Image-text web data
::::::::::

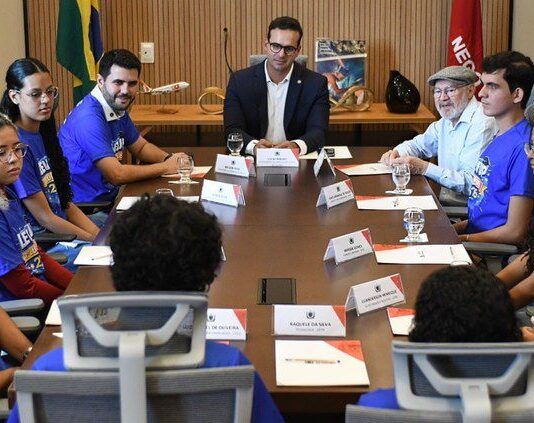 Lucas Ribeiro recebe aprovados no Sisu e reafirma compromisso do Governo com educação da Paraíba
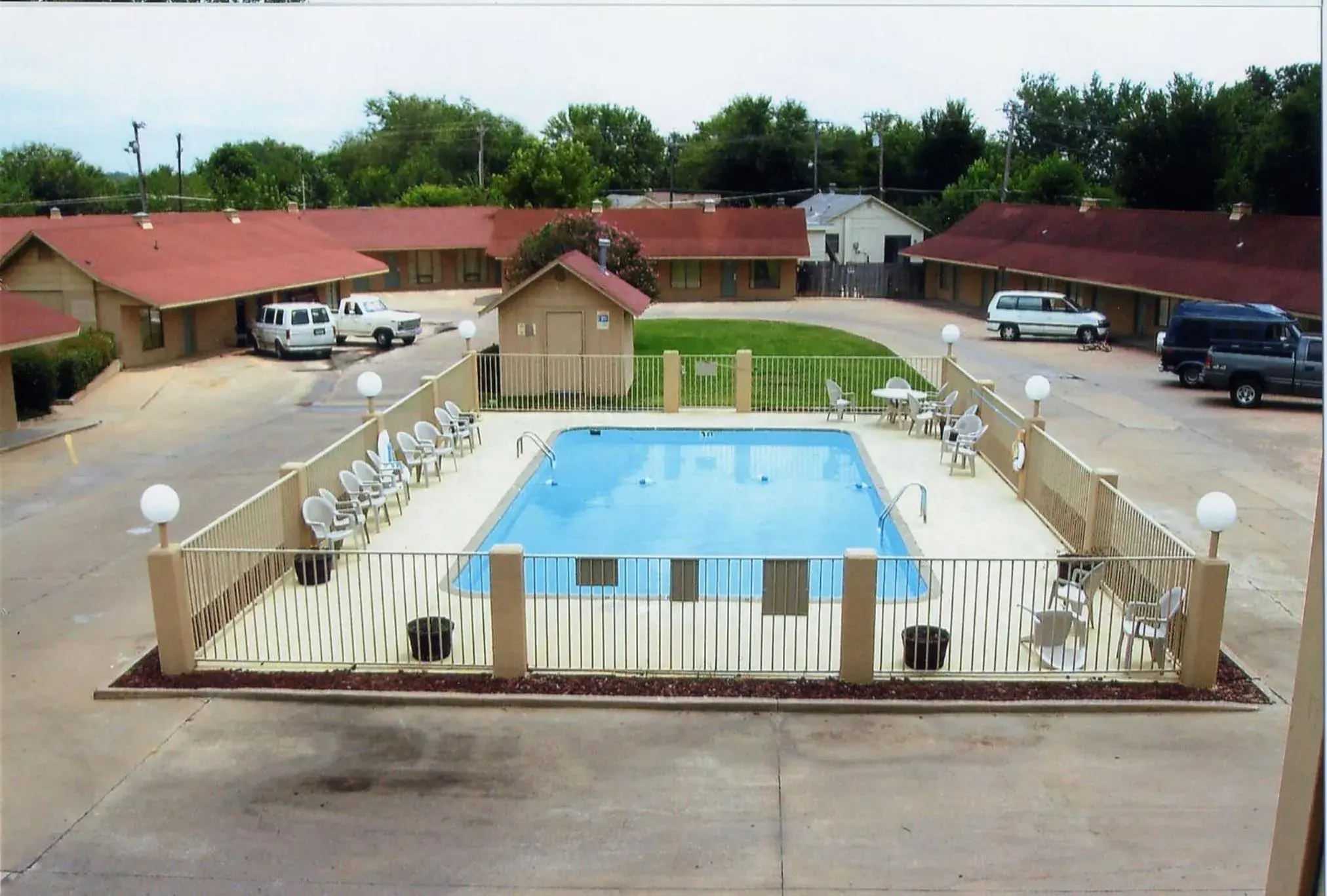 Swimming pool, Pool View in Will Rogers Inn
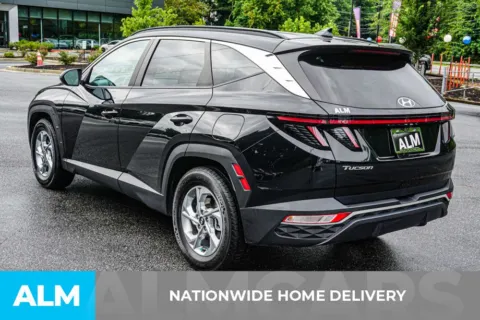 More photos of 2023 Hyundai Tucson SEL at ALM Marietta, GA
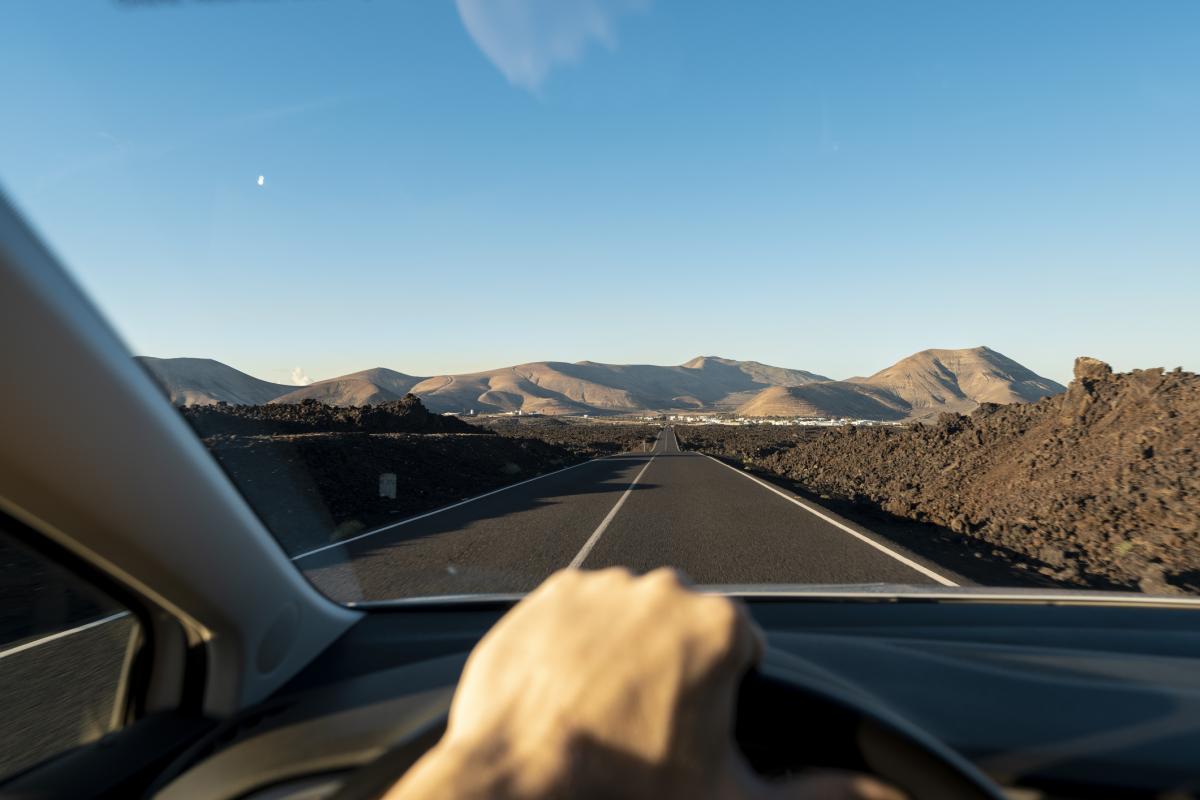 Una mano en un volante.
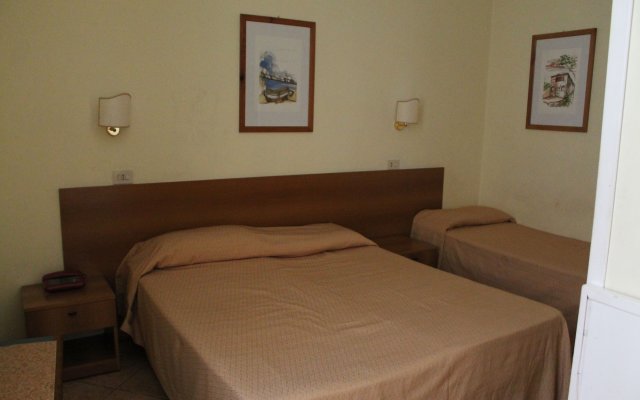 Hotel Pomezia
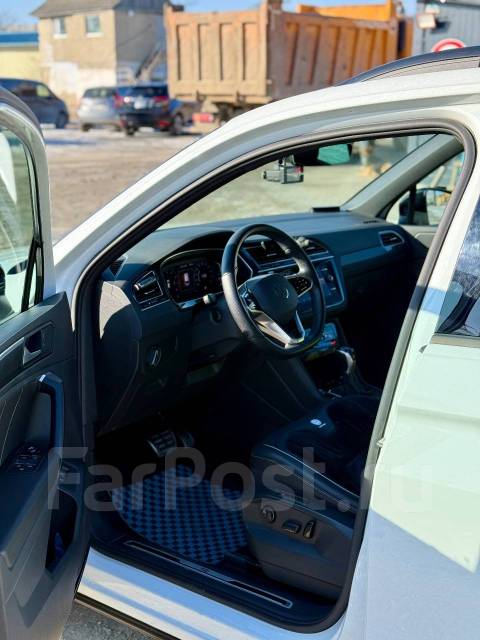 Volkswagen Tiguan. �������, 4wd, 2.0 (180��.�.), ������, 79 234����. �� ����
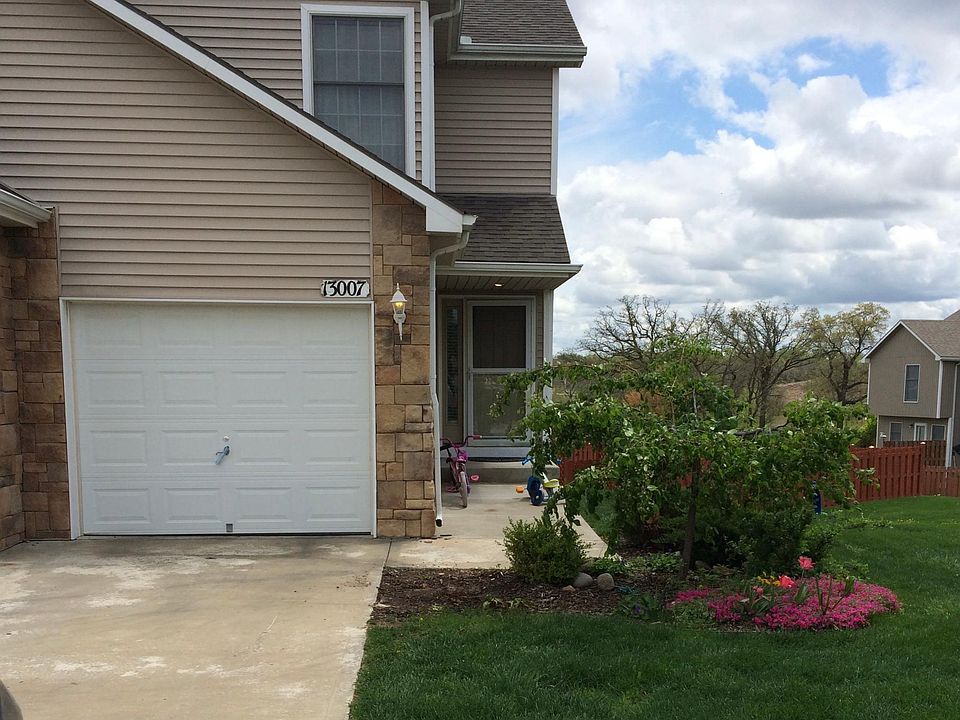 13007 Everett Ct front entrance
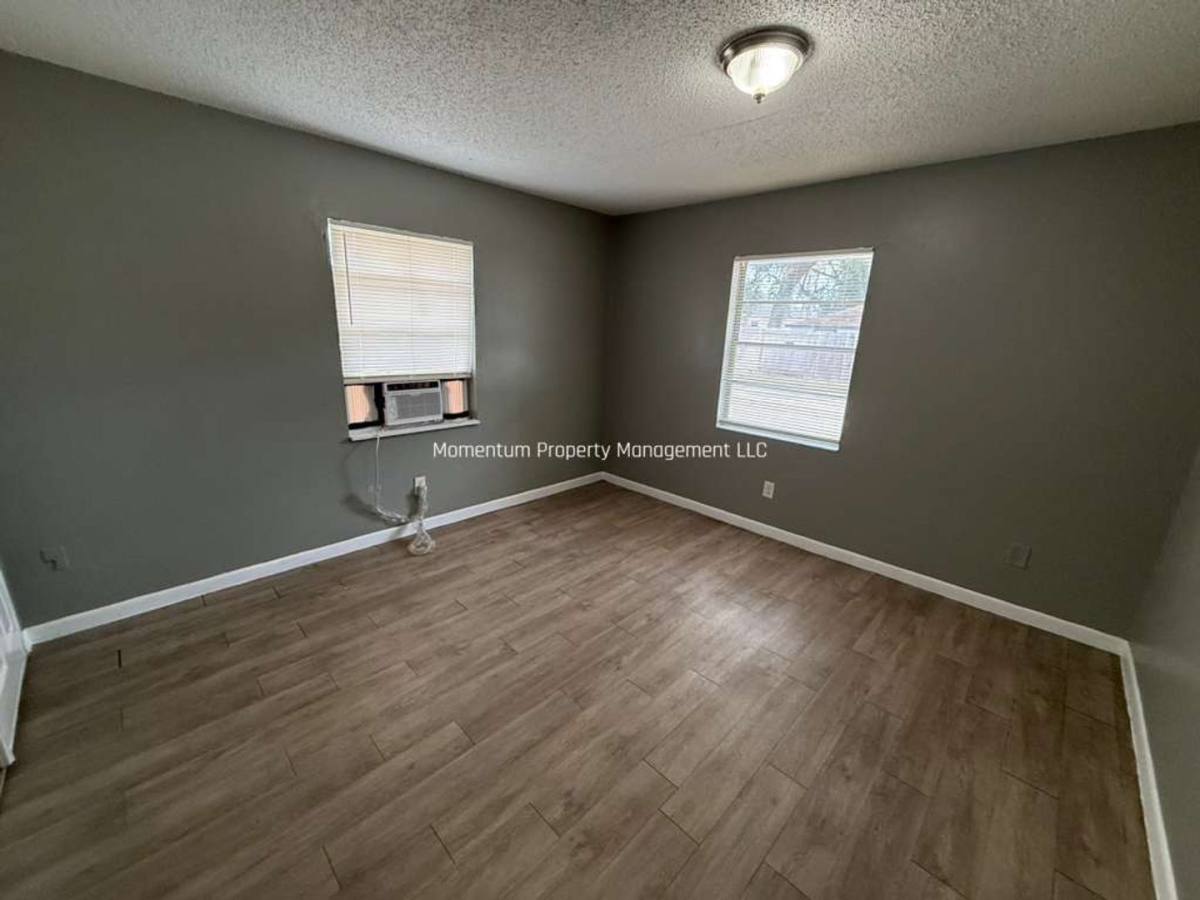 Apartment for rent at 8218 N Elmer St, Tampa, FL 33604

::::::::::

* Exercise brief *
Retype the records exactly. Any image in them should not appear in what you write.

* Response *
 Lucas Ribeiro recebe aprovados no Sisu e reafirma compromisso do Governo com educação da Paraíba
 Swimming pool, Pool View in Will Rogers Inn
 More photos of 2023 Hyundai Tucson SEL at ALM Marietta, GA
 Una mano en un volante.
 Hotel Pomezia
 Volkswagen Tiguan. �������, 4wd, 2.0 (180��.�.), ������, 79 234����. �� ����
 13007 Everett Ct front entrance
 Apartment for rent at 8218 N Elmer St, Tampa, FL 33604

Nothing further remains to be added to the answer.